Extracted data entries:
---
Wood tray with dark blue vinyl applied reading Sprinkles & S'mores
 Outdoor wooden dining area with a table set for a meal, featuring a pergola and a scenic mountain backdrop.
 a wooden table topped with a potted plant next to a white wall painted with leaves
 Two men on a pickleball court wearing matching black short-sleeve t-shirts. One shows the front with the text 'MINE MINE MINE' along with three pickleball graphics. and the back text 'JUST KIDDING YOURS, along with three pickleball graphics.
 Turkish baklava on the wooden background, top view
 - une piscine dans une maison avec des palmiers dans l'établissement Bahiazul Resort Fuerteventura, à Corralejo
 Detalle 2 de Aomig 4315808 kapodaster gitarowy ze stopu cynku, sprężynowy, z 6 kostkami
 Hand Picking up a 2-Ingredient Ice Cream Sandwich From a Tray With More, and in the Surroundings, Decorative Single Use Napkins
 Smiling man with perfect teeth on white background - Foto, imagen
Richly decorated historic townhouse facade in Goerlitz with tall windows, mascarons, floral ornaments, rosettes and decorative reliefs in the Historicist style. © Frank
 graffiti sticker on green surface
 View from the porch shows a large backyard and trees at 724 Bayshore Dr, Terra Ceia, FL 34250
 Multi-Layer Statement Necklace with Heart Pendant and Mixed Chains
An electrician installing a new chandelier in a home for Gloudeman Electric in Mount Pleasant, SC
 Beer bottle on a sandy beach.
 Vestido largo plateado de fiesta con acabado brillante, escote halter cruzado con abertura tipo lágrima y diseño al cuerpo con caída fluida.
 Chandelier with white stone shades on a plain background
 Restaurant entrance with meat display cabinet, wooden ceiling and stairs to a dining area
---
## [What needs to be done]
Lines from the top of the entries above to the line that contains "a wooden table" should be set down exactly, please, with both ends kept and nothing added.

## [Answer space]
Wood tray with dark blue vinyl applied reading Sprinkles & S'mores
 Outdoor wooden dining area with a table set for a meal, featuring a pergola and a scenic mountain backdrop.
 a wooden table topped with a potted plant next to a white wall painted with leaves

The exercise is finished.